The problem> From the entries, copy out every line in which the word "Compatible" is found.

Caption-style text data
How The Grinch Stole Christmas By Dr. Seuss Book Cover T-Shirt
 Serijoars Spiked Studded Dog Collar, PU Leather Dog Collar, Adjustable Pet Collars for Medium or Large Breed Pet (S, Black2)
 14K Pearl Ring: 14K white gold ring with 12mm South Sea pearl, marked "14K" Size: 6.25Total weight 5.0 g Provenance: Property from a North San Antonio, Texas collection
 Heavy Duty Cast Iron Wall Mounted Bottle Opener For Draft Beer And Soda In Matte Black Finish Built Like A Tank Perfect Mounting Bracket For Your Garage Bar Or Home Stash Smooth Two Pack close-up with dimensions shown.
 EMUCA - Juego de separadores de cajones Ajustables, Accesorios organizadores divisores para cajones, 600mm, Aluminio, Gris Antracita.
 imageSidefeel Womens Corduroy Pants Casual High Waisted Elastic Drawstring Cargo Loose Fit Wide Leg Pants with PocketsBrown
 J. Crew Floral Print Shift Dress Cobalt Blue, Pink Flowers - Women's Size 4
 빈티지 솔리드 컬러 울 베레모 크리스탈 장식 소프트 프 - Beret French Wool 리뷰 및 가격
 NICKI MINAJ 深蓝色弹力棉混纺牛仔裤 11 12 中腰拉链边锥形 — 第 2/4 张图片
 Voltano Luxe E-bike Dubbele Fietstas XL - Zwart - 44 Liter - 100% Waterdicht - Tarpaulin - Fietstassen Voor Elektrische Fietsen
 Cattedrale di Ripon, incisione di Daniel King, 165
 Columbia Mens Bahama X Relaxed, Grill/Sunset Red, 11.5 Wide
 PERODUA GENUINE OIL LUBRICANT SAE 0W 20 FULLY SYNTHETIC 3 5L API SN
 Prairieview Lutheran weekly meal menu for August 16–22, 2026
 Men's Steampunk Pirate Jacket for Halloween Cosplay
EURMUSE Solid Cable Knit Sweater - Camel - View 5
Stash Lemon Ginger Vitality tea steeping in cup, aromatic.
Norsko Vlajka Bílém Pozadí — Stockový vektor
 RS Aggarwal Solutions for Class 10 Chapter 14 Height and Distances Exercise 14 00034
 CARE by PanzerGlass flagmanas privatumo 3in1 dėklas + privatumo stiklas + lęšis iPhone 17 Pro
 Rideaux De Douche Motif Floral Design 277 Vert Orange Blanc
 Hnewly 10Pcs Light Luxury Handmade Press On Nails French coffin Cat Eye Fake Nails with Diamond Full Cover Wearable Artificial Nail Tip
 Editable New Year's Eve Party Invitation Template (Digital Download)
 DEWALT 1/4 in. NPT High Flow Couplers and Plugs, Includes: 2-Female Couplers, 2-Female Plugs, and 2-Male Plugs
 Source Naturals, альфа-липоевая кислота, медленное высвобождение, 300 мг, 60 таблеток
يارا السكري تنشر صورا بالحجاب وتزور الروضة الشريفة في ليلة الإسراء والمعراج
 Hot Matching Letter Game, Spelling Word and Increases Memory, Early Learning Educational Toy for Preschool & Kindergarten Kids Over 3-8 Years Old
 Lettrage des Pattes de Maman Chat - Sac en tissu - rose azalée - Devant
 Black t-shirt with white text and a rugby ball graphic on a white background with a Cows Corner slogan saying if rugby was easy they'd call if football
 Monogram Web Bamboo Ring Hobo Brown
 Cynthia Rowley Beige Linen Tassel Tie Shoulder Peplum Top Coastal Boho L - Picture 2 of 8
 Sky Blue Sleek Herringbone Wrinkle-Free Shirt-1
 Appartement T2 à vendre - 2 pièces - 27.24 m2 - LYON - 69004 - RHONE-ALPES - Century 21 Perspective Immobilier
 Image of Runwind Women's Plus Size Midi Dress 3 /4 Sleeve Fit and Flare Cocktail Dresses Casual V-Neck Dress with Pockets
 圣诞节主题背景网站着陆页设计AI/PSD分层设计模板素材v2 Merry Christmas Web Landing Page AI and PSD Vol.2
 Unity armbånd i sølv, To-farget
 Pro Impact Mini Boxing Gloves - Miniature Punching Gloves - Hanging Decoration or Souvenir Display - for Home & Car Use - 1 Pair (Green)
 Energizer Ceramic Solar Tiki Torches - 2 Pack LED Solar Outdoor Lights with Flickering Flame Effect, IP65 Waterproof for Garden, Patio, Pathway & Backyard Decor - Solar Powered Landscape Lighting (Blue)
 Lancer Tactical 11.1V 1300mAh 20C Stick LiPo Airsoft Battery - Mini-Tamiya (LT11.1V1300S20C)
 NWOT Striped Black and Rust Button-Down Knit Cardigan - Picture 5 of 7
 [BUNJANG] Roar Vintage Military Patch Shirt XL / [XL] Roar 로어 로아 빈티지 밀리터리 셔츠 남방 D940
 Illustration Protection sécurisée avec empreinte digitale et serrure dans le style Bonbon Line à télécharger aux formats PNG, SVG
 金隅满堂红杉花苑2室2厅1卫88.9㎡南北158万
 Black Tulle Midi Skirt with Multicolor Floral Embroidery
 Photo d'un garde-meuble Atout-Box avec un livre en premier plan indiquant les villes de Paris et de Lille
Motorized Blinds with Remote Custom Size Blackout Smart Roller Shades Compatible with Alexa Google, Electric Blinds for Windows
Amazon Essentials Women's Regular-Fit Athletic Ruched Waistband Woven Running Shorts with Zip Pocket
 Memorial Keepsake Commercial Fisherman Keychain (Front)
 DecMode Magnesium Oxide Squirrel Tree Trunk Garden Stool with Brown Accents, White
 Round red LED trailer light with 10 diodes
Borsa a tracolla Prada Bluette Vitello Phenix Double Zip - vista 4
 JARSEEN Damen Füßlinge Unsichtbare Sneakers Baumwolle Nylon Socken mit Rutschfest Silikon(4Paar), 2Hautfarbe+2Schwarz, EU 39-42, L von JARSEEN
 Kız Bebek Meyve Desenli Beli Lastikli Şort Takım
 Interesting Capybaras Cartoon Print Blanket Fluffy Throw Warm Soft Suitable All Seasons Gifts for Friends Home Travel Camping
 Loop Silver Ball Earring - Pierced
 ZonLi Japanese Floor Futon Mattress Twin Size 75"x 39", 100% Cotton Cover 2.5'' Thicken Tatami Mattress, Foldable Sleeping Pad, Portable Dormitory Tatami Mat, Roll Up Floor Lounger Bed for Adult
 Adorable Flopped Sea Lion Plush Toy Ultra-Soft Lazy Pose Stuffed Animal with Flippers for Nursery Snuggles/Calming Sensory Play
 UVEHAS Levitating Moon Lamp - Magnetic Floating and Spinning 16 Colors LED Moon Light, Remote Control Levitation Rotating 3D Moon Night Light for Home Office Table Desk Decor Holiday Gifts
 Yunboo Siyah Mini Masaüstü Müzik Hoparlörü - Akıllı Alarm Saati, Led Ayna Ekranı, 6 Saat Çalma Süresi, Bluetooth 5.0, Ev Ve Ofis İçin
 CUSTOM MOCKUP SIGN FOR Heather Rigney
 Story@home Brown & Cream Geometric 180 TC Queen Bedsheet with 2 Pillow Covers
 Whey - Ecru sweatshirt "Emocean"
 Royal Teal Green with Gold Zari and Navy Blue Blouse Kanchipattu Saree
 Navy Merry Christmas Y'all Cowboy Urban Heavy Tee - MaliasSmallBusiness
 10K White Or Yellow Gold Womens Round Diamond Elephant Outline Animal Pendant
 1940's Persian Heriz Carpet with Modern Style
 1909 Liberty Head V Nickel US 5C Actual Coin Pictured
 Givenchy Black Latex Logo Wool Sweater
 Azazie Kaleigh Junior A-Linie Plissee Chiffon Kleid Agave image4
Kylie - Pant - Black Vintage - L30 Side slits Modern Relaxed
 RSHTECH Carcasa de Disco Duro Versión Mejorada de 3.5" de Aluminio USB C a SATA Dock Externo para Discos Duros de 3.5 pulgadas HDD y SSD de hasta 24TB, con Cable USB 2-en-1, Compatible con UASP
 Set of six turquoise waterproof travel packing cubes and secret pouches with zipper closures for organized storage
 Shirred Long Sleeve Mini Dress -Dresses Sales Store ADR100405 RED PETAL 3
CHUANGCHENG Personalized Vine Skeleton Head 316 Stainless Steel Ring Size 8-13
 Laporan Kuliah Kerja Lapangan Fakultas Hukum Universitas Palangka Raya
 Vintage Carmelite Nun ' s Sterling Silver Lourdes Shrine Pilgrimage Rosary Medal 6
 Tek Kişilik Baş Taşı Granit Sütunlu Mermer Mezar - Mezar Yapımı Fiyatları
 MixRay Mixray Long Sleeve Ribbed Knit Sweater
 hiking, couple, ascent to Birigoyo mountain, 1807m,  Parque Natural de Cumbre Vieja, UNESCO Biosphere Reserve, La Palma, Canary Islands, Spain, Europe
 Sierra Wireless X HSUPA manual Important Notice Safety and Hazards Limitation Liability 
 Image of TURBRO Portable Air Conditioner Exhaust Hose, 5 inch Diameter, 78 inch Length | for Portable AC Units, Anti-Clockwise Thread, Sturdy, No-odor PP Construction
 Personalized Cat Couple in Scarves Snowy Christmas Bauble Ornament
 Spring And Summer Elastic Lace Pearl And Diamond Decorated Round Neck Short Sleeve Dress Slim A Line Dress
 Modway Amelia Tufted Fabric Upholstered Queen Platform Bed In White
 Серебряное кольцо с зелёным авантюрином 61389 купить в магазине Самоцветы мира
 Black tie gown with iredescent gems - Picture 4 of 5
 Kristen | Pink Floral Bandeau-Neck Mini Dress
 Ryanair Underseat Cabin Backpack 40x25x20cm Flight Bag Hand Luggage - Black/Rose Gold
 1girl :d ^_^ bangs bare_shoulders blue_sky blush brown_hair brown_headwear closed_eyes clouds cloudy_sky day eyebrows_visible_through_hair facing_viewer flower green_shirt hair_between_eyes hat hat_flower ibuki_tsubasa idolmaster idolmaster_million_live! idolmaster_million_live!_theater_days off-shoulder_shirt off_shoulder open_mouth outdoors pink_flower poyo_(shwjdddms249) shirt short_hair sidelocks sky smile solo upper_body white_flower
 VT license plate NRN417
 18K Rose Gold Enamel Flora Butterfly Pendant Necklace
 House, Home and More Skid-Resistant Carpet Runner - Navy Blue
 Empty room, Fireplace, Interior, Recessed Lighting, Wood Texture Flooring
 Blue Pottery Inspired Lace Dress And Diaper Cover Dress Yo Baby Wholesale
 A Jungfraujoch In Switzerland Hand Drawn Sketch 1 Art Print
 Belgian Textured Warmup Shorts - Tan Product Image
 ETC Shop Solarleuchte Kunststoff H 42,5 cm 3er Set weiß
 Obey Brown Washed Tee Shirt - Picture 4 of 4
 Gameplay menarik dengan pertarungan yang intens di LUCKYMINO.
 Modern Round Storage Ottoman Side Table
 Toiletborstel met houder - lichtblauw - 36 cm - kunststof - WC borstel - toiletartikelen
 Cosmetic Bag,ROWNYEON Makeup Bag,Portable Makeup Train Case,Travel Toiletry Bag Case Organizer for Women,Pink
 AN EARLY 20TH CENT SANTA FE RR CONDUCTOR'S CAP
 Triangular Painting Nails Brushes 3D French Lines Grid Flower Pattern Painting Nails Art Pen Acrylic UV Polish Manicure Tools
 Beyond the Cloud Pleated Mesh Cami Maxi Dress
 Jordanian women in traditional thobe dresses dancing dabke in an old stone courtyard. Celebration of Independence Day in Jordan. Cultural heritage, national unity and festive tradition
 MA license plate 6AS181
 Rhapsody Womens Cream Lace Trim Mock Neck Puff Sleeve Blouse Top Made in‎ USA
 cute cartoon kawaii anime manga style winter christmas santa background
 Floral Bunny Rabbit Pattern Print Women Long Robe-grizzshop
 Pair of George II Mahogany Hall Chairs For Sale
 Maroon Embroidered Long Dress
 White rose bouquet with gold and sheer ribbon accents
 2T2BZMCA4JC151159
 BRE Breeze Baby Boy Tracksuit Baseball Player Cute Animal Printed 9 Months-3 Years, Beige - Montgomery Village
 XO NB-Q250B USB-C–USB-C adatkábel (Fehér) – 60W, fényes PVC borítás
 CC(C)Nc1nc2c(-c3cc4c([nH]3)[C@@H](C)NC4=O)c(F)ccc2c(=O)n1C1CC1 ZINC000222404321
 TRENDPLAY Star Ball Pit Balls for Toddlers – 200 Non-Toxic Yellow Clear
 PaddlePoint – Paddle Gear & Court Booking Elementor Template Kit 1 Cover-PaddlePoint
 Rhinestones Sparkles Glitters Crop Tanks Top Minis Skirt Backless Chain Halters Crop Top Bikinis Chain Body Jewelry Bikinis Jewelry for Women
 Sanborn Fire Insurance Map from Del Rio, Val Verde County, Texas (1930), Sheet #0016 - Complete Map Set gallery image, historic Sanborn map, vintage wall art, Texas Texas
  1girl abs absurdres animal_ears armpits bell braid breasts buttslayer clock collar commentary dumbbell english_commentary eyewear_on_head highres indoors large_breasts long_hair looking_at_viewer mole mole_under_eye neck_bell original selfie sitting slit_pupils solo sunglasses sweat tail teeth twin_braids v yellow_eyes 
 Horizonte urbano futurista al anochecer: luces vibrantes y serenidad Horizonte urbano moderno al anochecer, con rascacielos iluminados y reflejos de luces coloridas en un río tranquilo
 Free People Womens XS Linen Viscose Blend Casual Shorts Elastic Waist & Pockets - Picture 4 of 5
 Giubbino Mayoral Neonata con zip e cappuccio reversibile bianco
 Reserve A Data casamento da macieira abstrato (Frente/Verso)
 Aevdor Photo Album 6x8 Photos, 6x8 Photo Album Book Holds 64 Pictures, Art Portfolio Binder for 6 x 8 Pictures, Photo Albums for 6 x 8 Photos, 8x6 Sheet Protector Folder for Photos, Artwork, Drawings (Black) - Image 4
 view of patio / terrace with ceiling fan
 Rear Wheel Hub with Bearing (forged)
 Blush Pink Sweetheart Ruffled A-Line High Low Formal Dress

Completed task>
Motorized Blinds with Remote Custom Size Blackout Smart Roller Shades Compatible with Alexa Google, Electric Blinds for Windows
 RSHTECH Carcasa de Disco Duro Versión Mejorada de 3.5" de Aluminio USB C a SATA Dock Externo para Discos Duros de 3.5 pulgadas HDD y SSD de hasta 24TB, con Cable USB 2-en-1, Compatible con UASP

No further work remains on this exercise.